Der Neubau der BBC-Brücke schreitet voran, doch technische Anforderungen und fehlende Sperrpausen sorgen für Verzögerungen im Bauablauf.

Die Stadt Mannheim treibt den Ersatzneubau der BBC-Brücke weiter voran. Während der laufenden Bauarbeiten bleibt der Verkehr dank einer bereits im September eingerichteten Behelfsumfahrung weiterhin gesichert.

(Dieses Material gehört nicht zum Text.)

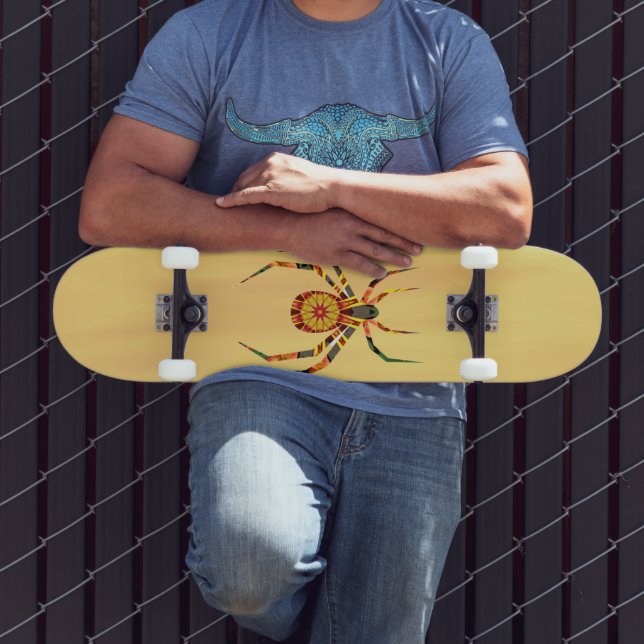 Artsy Spider on Yellow Back Board Skate Deck (Outdoor 3)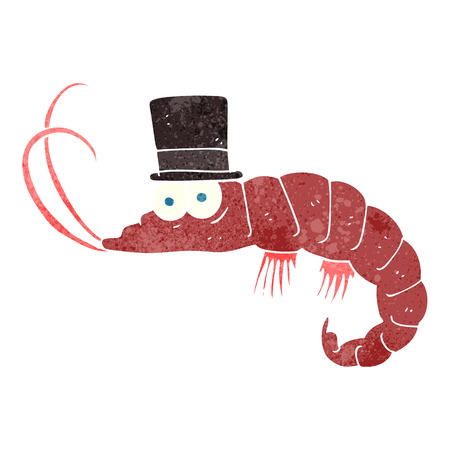 フリーハンドのレトロ漫画エビ のイラスト素材 ベクタ Image フリーハンドのレトロ漫画エビ のイラスト素材 ベクタ Image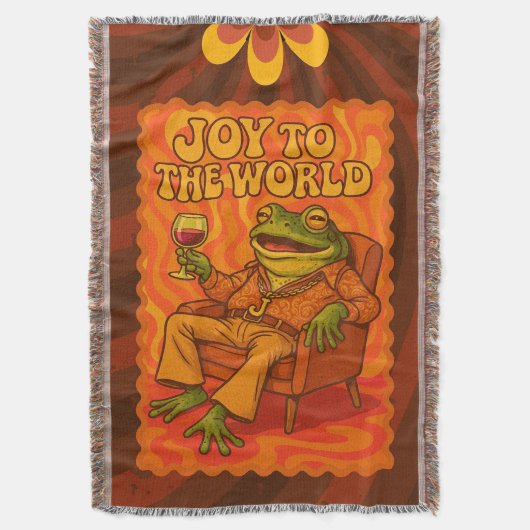 Joy to the World Psychedelic Frog with Wine Decke (Vorderseite Vertikal)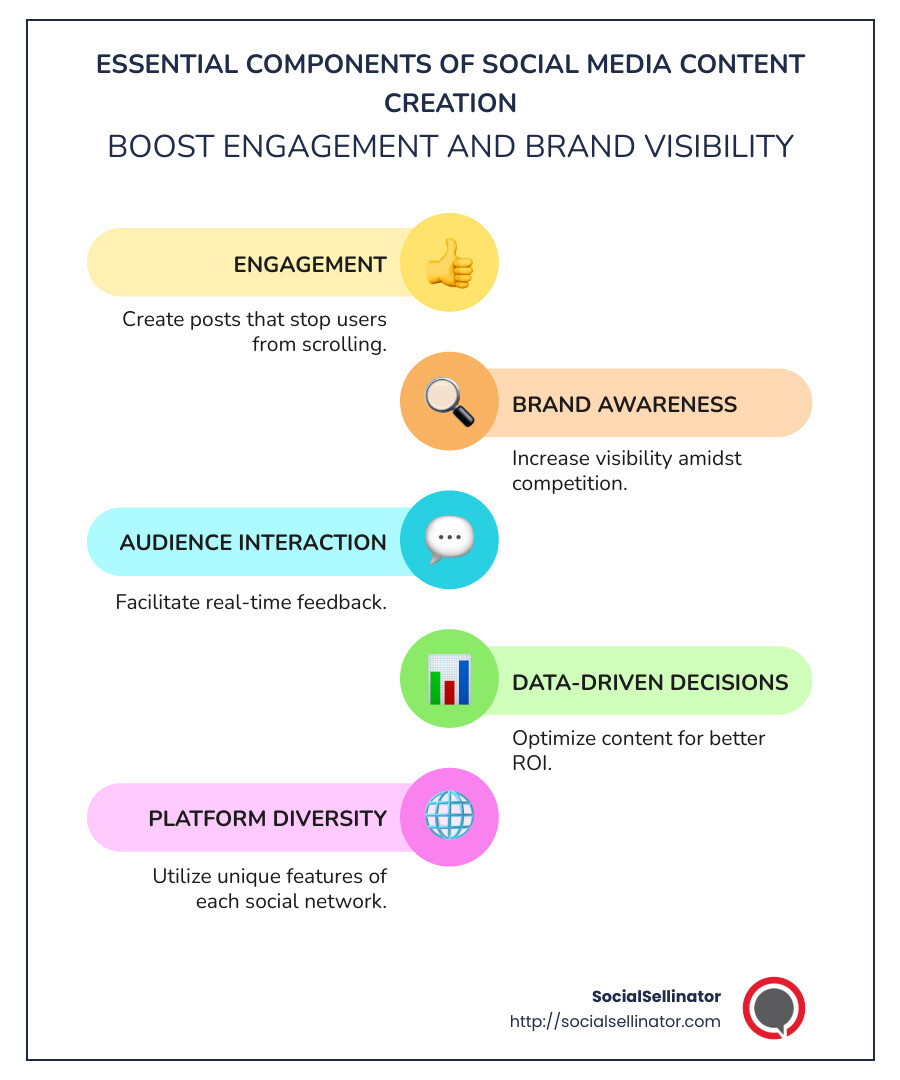 Infographic highlighting essential components of content creation for social media: Engagement – Creating posts that stop users from scrolling; Brand Awareness – Increasing visibility amidst competition; Audience Interaction – Facilitating real-time feedback; Data-Analytics Driven – Optimizing content for better ROI; Platform Diversity – Utilizing each social network's unique features from the planning phase to publishing and performance measurement. - Content creation for social media infographic infographic-line-5-steps-colors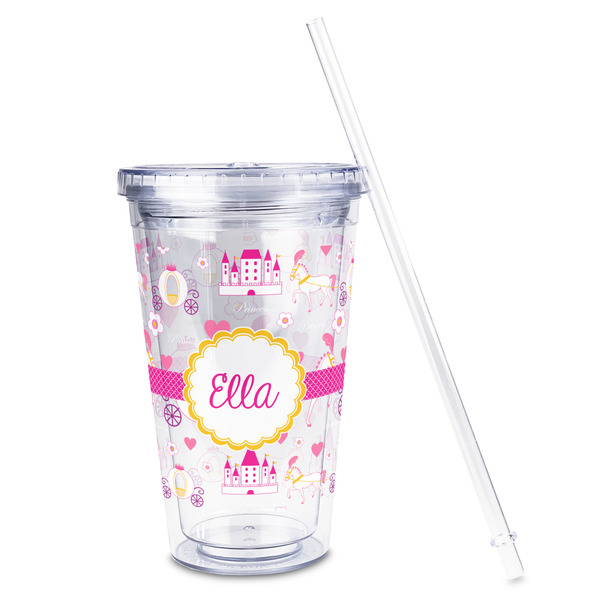 Princess Carriage Acrylic Tumbler - Full Print - Front straw out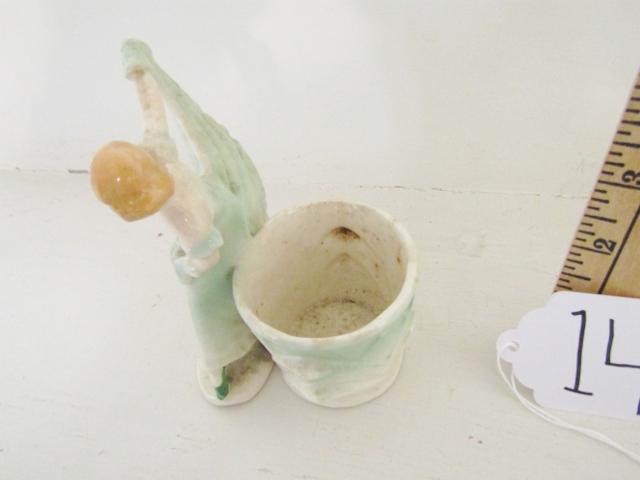 Antique Small Porcelain Planter W/ Victorian Southern Belle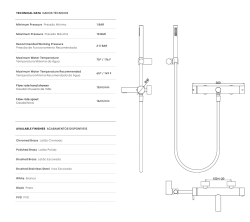 Waterevolution Flow thermostatische twee-weg douchemengkraan met handdouche zwart T130TNPR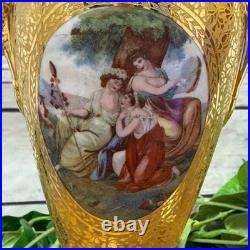 Le Mieux China 24 Karat Gold Pair Porcelain Vases Victorian Ladies Cherubs VTG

Brücke angehoben und vorbereitet

In den vergangenen Wochen wurde das bestehende Brückenbauwerk auf rund 1,82 Meter angehoben und auf sogenannten Absetzstapeln gelagert. Diese Maßnahme ist notwendig, um die Brücke im nächsten Schritt zu verschieben und anschließend zurückzubauen.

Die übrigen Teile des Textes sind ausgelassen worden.